NAPOLI – Head Quarter Gevi. L’equilibrio e la costanza tanto sperata e ricercata da Coach Buscaglia, purtroppo, non è ancora arrivata.

Nella scorsa giornata di LBA, Napoli crolla miserabilmente in quel di Sassari e continua la sua altalena di emozioni caratterizzata da vittorie importanti (come quella contro Trento) che testimoniano di cosa possano essere capaci i giocatori azzurri, a sonore sconfitte proprio come quella in terra sarda.

La GeVi tenterà con tutte le sue forze a voltare pagina, nel prossimo match casalingo contro la Tezenis Verona e provare a tracciare un cammino deciso e fatto di vittorie.

Il mood in casa Napoli non è dei migliori.

Le emozioni al cardiopalma che si stanno vivendo fanno male non solo al gruppo in quanto è incapace di trovare una sua dimensione ma soprattuto al suo pubblico, ai suoi tifosi, che sognano oramai da ben 15 anni un ritorno a quei tanto desiderati playoff che mancano dalla lontana stagione 2006/2007.

A seguito di queste sconfitte figlie di approcci senza mordente, con una mentalità blanda, sono nati i primi dubbi.

C’è chi mette in dubbio il gruppo degli stranieri, chi invece tratta la tematica del roster troppo corto, altri che vedrebbero bene Coach Buscaglia su altre panchine ma non su quella di Napoli.

Si sa, Napoli è una piazza importante e da sempre, tutto, nel bene o nel male che sia, viene vissuto in maniera amplificata.
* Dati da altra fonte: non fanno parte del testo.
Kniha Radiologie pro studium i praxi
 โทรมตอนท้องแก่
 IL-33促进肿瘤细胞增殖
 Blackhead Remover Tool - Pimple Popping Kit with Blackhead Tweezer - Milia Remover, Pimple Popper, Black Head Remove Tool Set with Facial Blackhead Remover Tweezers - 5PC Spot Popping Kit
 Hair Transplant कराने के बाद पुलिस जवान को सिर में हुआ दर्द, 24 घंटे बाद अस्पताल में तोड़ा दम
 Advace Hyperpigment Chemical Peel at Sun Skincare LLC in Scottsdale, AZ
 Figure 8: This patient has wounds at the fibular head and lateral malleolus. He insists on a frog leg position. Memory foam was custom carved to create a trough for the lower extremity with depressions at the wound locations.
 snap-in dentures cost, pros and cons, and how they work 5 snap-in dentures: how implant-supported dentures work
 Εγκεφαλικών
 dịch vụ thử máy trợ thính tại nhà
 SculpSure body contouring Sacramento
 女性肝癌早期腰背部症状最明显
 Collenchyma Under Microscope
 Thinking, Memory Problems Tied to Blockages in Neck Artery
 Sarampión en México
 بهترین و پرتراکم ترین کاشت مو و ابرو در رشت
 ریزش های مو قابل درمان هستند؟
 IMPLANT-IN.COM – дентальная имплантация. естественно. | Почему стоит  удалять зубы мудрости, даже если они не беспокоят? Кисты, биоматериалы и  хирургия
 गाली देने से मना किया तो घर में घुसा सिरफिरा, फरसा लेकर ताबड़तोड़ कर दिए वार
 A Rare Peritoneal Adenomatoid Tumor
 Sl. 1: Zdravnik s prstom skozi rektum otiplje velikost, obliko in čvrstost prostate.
Proviamo a tenere le bocce ferme e fare una disamina di tutto.

Si sta trattando di un roster completamente rivoluzionato.

A parte lo zoccolo duro della scorsa stagione (Coach Buscaglia, Zerini, Uglietti, coadiuvati poi dal gruppo di under) la squadra è totalmente cambiata.

Dei due terminali offensivi JaCorey Williams e Robert Johnson, purtroppo solo il primo, in un modo o nell’altro sta rispettando le aspettative.

Il play/guardia originario di Richmond, partito bene nelle prime due giornate di campionato viaggiando a 16,0 punti di media, per poi toccare il picco 23 (season high) contro Reggio Emilia, è andato poi smaterializzandosi con una serie di prestazioni che non rimangono impresse nella mente dei tifosi, fino ad arrivare all’infortunio che lo sta tenendo fuori dal rettangolo di gioco da già ormai 4 partite.

Elajh Stewart, sarebbe dovuto essere il tiratore mortifero dai 6,75 e colui, che con il suo fisico e la sua indole da difensore eccelso avrebbe dovuto tenere a bada le point guard avversarie, ma fino ad oggi è risultato un pesce fuor d’acqua, poco grintoso è troppo morbido per la LBA.

Il folletto Howard, insieme a JW22, grazie alle sue doti offensive si è rivelato un ottimo sparring partner ma affidandosi molto da tiro dalla lunga distanza, se non in giornata, risulta poco incisivo.

Ed infine non per ordine di importanza, il francese Michineau, che purtroppo fa della sua individualità croce e delizia per Napoli. Non costante.

L’unico che sembra aver dato un apporto concreto sembra essere proprio l’ultimo arrivato, Davis, approdato all’ombra del Vesuvio con l’etichetta di “il panchinaro di Agravanis” ma che tutto sommato sta facendo molto meglio di tanti altri.

La fortuna di Napoli ad oggi, è data dal pacchetto “azzurro” nel vero senso della parola.

Uglietti, Zanotti, Zerini e Dell’Osto, si stanno rendendo protagonisti di prestazioni ben oltre le loro capacità.

Non c’è nulla da obiettare.

Coach Buscaglia ha del buon materiale fra le sue mani capace di recare soddisfazione alla platea partenopea, e come il migliore dei Walter White, deve trovare la reazione “chimica” giusta per far esplodere il PalaBarbuto a suon di vittorie.

A Fuorigrotta andrà in scena un match importantissimo in chiave salvezza sia per la Tezenis ma soprattutto per la GeVi Napoli vogliosa di riscattarsi e fare un bel regalo di Natale ai propri tifosi.